Welcome to our hearts,

You are looking for a wonderful home for your baby, and we are looking to open our hearts and home to a new life. We laugh a lot and take time to appreciate this wonderful world that God has given us. Over the twelve years that we've been together (married for 10), we have had many good times and built a life full of love. We've overcome the challenge of infertility, and as a result have become a stronger couple. The decision to pursue adoption to build our family has brought us a sense of great joy and peace. We know that adoption is God's plan for our family. We have "grown up" together and shared so many memories during the past twelve years. We can't wait to add a child to our family. We have always wanted children and couldn't picture life without them.

We know that there's no one exactly like you. You are unique, individual, and blessed with a very special gift to give: the gift of life.

Introducing: Lori and Ed.

We have a huge place in our hearts, waiting for a child to fill it. Together (you and us) we can fulfill all of our hopes and dreams for this lucky child. If you wish, we will keep you updated in the happenings of your child's life through pictures and letters so that you can see how your child is growing.

As you read this letter, we want you to know first of all, that we respect what you are doing. You chose an adoption plan for your child. We truly appreciate your sacrifice. The decision to make an adoption plan for your child is truly a parental one. This is a wonderful gift that you are giving to your child. We have a unique understanding of adoption in our family. Lori's mother made an adoption plan for her first daughter 35 years ago. Being able to talk with her about her situation has allowed us to better understand your perspective. We can never fully comprehend your exact feelings; we can only respect them. As you know, adoption is a wonderful thing, though bittersweet. Take some comfort in knowing that you will be helping to make a family's dreams come true.
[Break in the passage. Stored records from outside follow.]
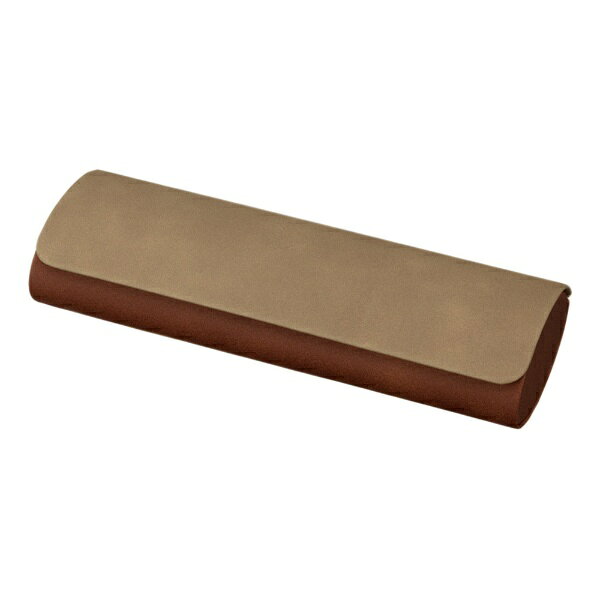 パール｜Pearl メガネケース ライトブラウン/ブラウン SA-90
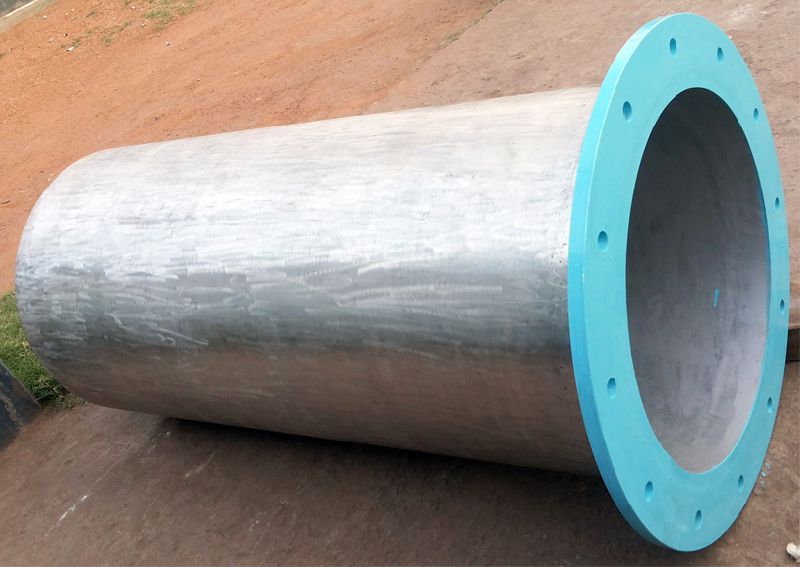 Guide Pipe For Feed Tube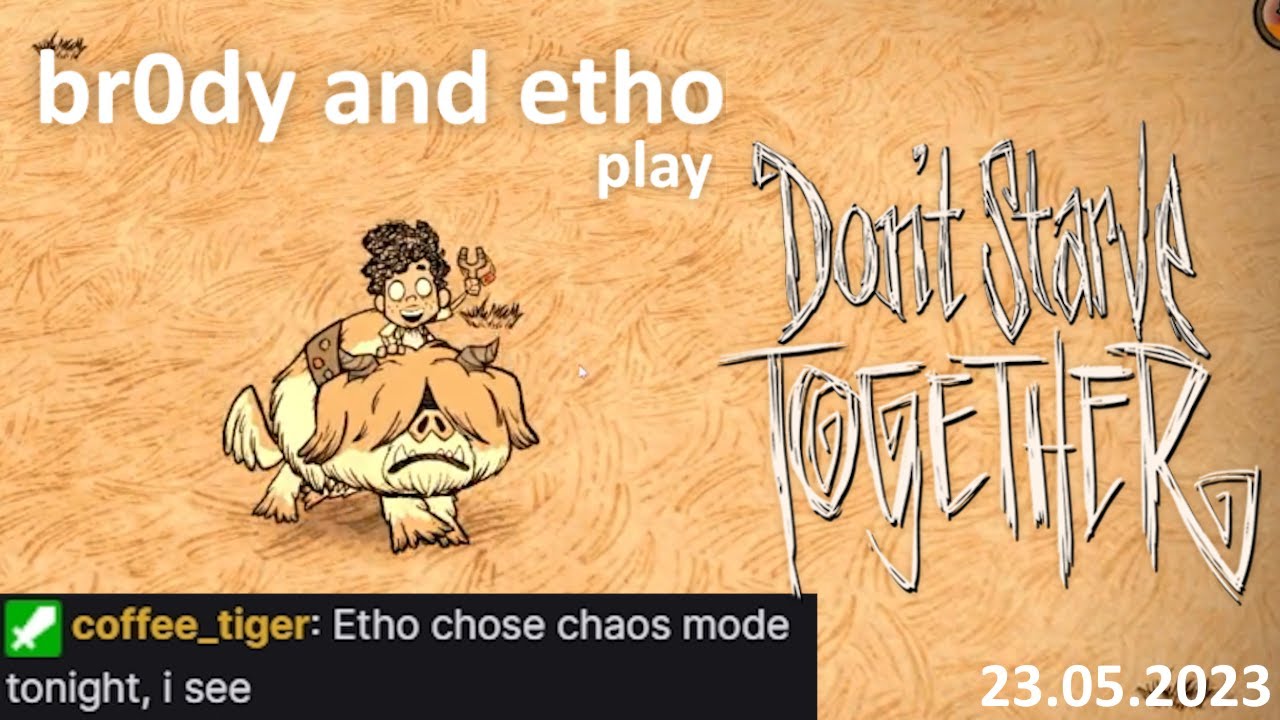 br0dyman and etho are starving together PART 4 || 23.05.2023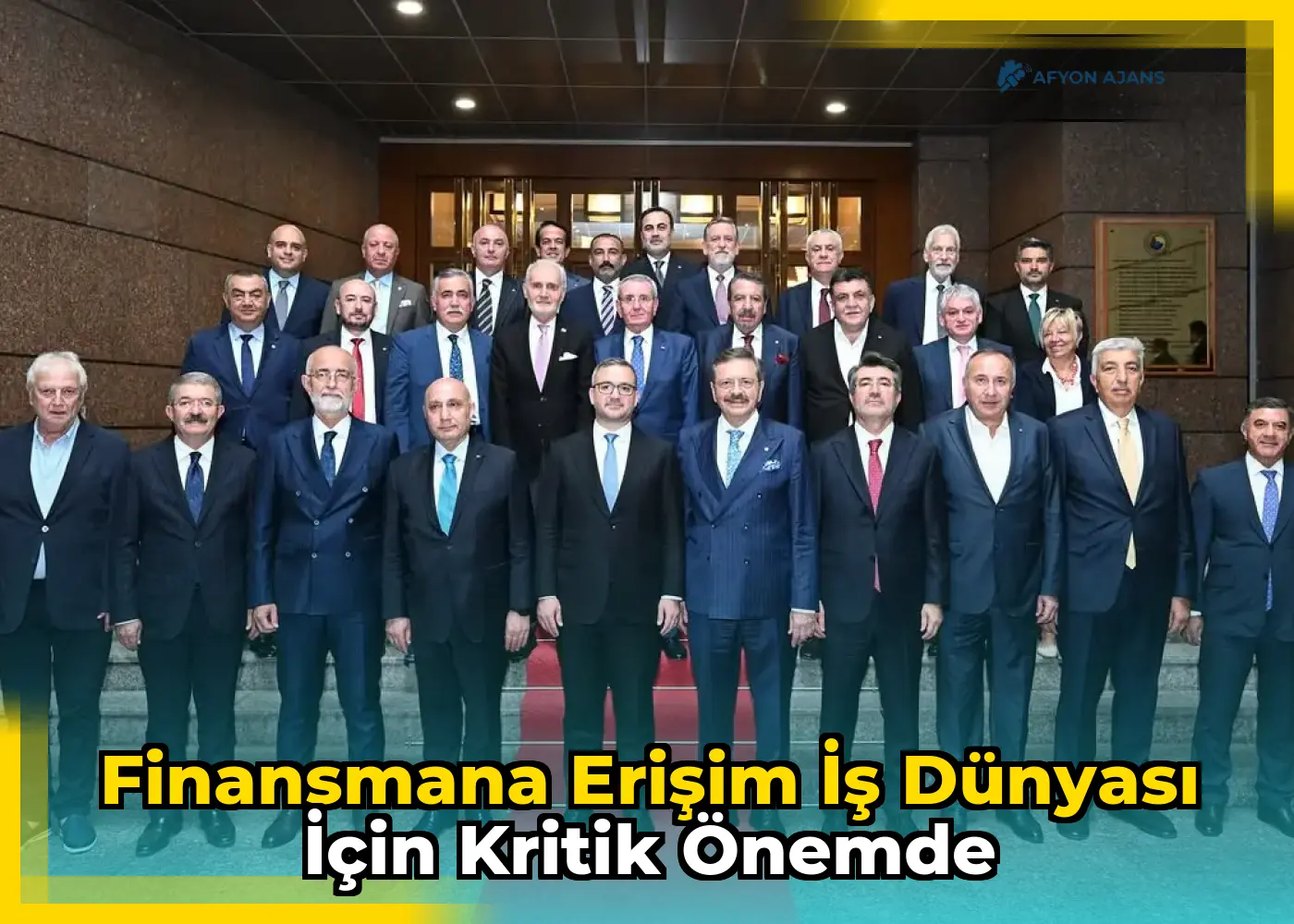 Finansmana erişim iş dünyası için kritik önemde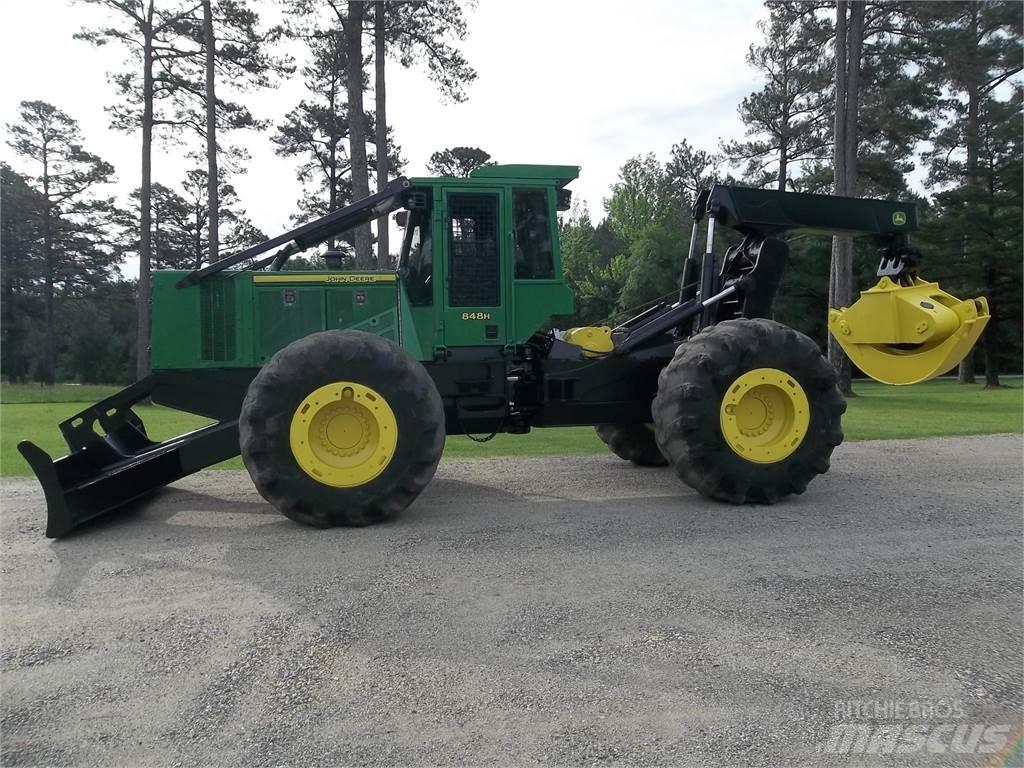 John Deere 848H Skideri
We want to share as much information with you about our lives as we can. We look forward to meeting with you and would be happy to share this pregnancy with you, if you would like. We want to do whatever will make this "easier" for you: we know that we cannot make it "easy" for you. Your baby will always understand how much you care and the loving consideration you gave when making the adoption plan.

We want you to take comfort in the fact that we will guide and nurture our child to grow thrive, and to become their unique, special self. We'll always trust them, and give them space to be responsible and make the right decisions. We'll show them that even when things don't go as planned, that the result is just as good and usually better. To us, parenthood is about giving our child the benefit of our knowledge and experiences to shape his/her life. We want to raise a child that has a lust for life. We'll raise our family in much the same way that we were raised. We will instill a positive outlook on life and giving them lots of encouragement, and love. We promise to provide a loving and nurturing family. How will we spend our days? As babies, they'll have toys and games that challenge them physically and mentally in a warm, safe environment. We'll encourage them to be creative and work with others. We'll expose them to all types of music (Grandpa Dick and Uncle Dave play the guitar and they can't wait to play with the next generation), books and sports. We'll teach them to ride a bike and to swim. We'll do household chores together too. We'll do dishes and mow the lawn. We'll even wash the dog! We'll celebrate holidays with family and friends. As they grow, we'll go to church together. We'll teach them to cook and we'll eat together as a family. We'll support them when they struggle, cheer them when they do well and guide them when they make mistakes. We will love them everyday.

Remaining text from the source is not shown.